Early- vs. Late-Binding Speed: Which Is the Faster Data Warehouse?
|Click to enlarge|
When it comes to early- vs. late-binding models of data warehousing, which is the fastest for healthcare? Which will allow an end user to skip the long wait times, the guessing, the back-and-forth, and get the information they need? What is the speed of late-binding? I’ll skip the drama and suspense and tell you straightaway that the Late-Binding™ approach to building a healthcare enterprise data warehouse (EDW) is the fastest and most flexible option. Read on if you want to know why.
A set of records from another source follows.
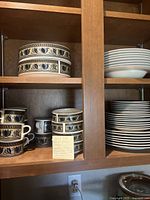Photo of stacked plates, bowls, and mugs with the Mikasa Intaglio pattern in wood kitchen cabinet.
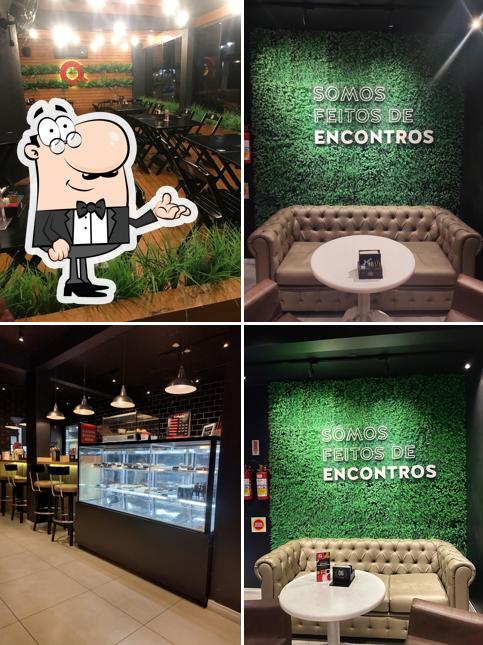 Sente em uma das mesas no Quiero Café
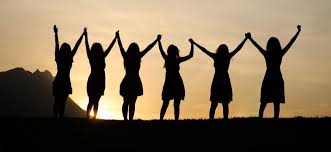 women with hands lifted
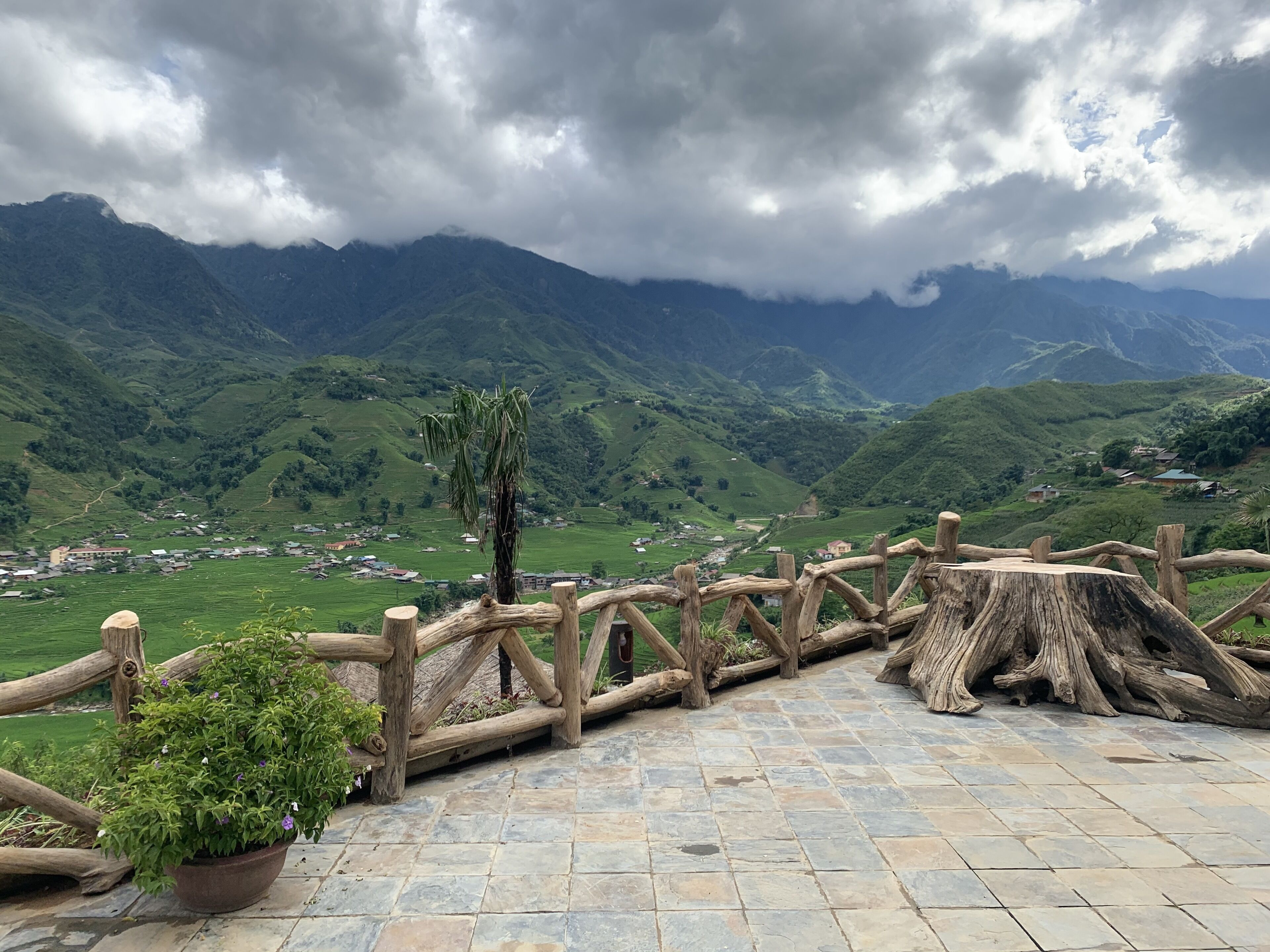 A stone-paved terrace with a wooden fence overlooking a mountainous landscape.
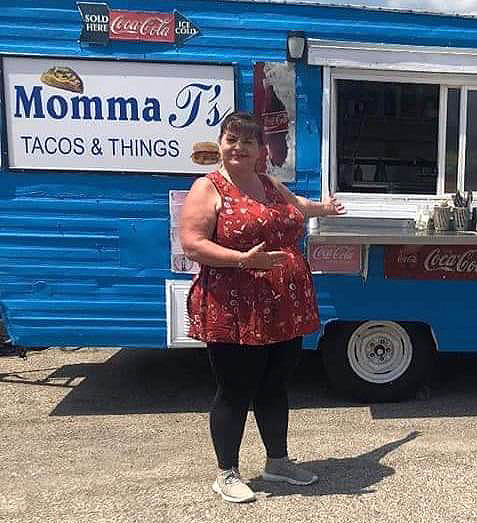 Theresa Martinez in front of her Momma T’s Tacos and Things, where she serves 400 tacos a day from her mobile food wagon. Photo courtesy of Theresa Martinez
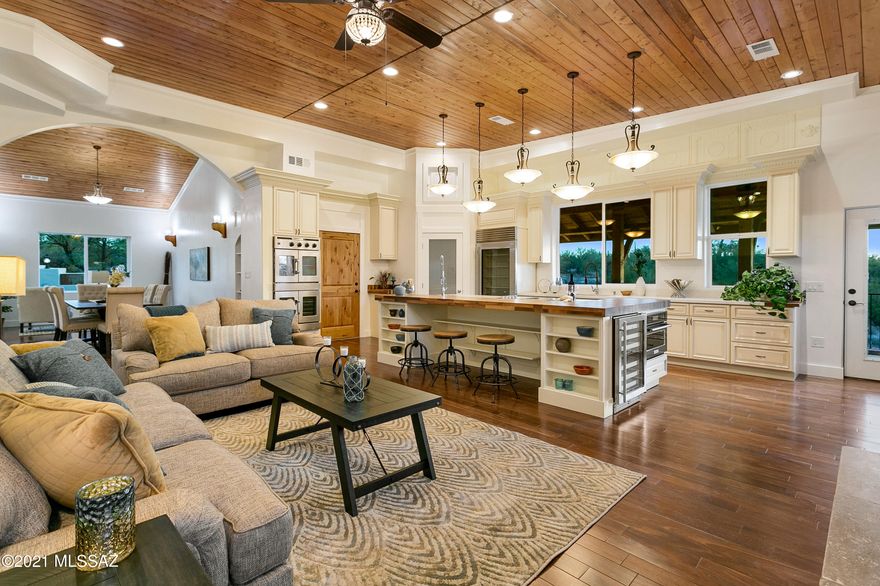 Utilities and Pool maintenance included. 
 Spectacular Spanish Colonial custom built home thoughtfully designed to accommodate multiple generations.  In the heart of Catalina Foothills School District.
The floor plan provides private living for all generations with the ability to enjoy time together and the many amenities including hiking and biking trails near the property.
On the main level, is a spectacular kitchen with massive island.  Subzero fridge, quartz and granite countertops, dual dishwashers, ovens and sinks allow multiple chefs to work comfortably.  A walk-in pantry and plenty of cabinet space will keep the clutter out of sight.  The kitchen opens to a large great room with stunning electric fireplace and a spacious patio from which to enjoy the city.  Owner/agent The master bedroom features a spectacular view of the mountains, with dual walk-in closets off the spacious bathroom.  The adjoining office is also accessible from the entry hallway.  A guest suite with lovely Mountain View's will be a haven for visitors.  
The main floor has high ceilings, solid walnut and chestnut wood flooring, lots of natural light and spacious rooms with city or mountain view's.
The formal dining room is perfect for entertaining.  It can accommodate seating for 20 for those large family meals.  
One of the custom curved staircases winds up to the roof deck with 360 views to continue the party on top of the world.
The other curved staircase leads down to the 1st level and the more relaxed spaces.    3 bedrooms and 2 bathrooms and a 2nd kitchen open to the lower great room which flows smoothly into the north yard and the picturesque views to be enjoyed from there.  The kids can escape to the media room and enjoy a private home theater.  
The entrance to the home is thru an arched gateway.  The custom glass and iron front door is complimented by an authentic iron bell that can be operated to announce visitors.
Spanning the entire side of the home is the north yard.  A fully walled in rose garden provides a peaceful escape on the north east corner.  An Endless Pool SwimSpa with calming fountain caps the opposite end of the yard. In the middle is the outdoor dining room and kitchen.  All in view of the Catalina mountains.  
The west side of the home contains a large open yard area with views of the adjoining wash and charming cactus garden. The property connects to a hiking trail thru the neighborhood wash.  
The south side opens to the terraced gardens and the 2nd garage.
The home is constructed with 12" thick masonry walls and super-insulation to keep the home quiet and comfortable.  
Individual air conditioners for each major room allow you to personalize your temperature and ensure that all inhabitants are able to isolate safely from the others.  
Solar power, gray water reclamation and water harvesting are built in to this luxurious and efficient home.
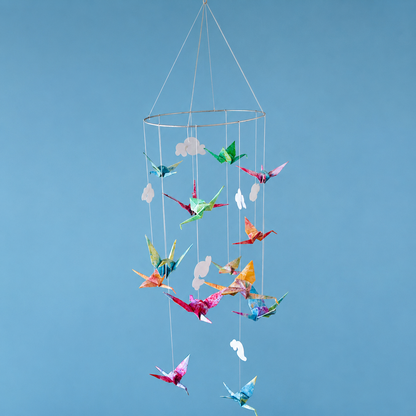 ceiling suspended kid's toy on a thin circular frame of bright origami cranes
In the context of data warehousing, late binding has to do with how data is modeled within the EDW. Data warehouses pull data from many different systems into one place—the data warehouse. To make this data meaningful it is “bound” to other elements for analysis. Binding is the point at which the data in your EDW is tied to a healthcare vocabulary (like SNOMED) or business rule and bound to a specific format. An example of a business rule is the definition of length of stay (LOS). Do you define LOS as the time from admit to discharge? From registration to discharge? From presentation in the ED to discharge?
The Disadvantages of Binding Early
Early-binding data warehousing approaches require you to—you guessed it—bind your data to business rules early in the process of building the EDW. This means that from the moment you start building your data warehouse, you have to decide what your definition of LOS, for example, will be. In fact, you have to decide upfront what the definition of every business rule will be. Once your definition is set in the data model, it is very difficult and time-consuming to change it afterward. This means that you had better be sure in advance that you want your definition of LOS to be the time from admit to discharge.
One pitfall of the early-binding approach is that it takes longer to get your EDW up and running, because you have to model your entire EDW and define every business rule from the outset. In fact, this approach can take as long as one to two years to get up and running. But the most notable pitfall of these approaches is, as I already mentioned, that you risk painting yourself into a corner. When you bind early, you get stuck with a rigid data model that doesn’t adapt well. This can work very well in industries like retail or banking where business rules are stable. But in healthcare, business rules and definitions are changing all the time—especially in today’s evolving industry. You need more flexibility.
The Advantages of Binding Late
The late-binding approach is all about speed and flexibility.
Here’s why the late-binding approach is faster: You don’t have to hammer out your entire data model or hash out all of your business rule definitions upfront. If you’re not going to do any analysis of diabetes outcomes in the first year of your EDW initiative, then you don’t have to worry about defining business rules dealing with diabetes. When you’re ready to tackle diabetes the next year, you probably already have most of that raw data in the EDW and you can just define the business rules. In other words, with the late-binding approach, you can start with the use cases you’re ready for and then add others as you’re prepared to address them.
Here’s why the late-binding approach is so flexible: It enables you to bind data to business rules as late in the data-modeling process as possible. In fact, the late-binding approach advocates binding data at the last moment that it makes sense to do so—and only when a specific use case calls for it.
Let’s go back to the example of defining LOS. LOS can be defined in many ways not only by different hospitals but also by different departments within hospitals. This means that agreeing on a definition of LOS upfront that will serve everyone’s needs can be quite a headache—and will end up satisfying only one (and maybe none!) of those needs. (It’s worth noting here that a good data governance policy can alleviate a lot of these issues around differing definitions and help everyone achieve their goals.) With the late-binding approach, this is a non-issue. You simply pull all the relevant data—admit date, registration date, ED presentation date, etc.—into the EDW, and then when you’re ready to tackle a specific use case, you can decide on the definition of LOS for that use case alone.
A straightforward example of this flexibility occurred recently with a client I’m working with. This client had decided to define LOS as the time between admit and discharge. However, as we began analyzing LOS, we discovered that admit date data wasn’t populated in their system nearly as well as registration date, and they had far less data than they needed to run their analytics. They determined that registration date was fairly equivalent to admit date for the purposes of their analysis. Because of the flexibility of the late-binding data model, they were able to change their definition easily to the time between registration and discharge—and they were able to perform a much richer analysis. If the client had been using an early-binding EDW model, they would have been stuck.
These types of situations happen all the time in healthcare. But with the late-binding approach, it’s pretty tough to paint yourself into a corner.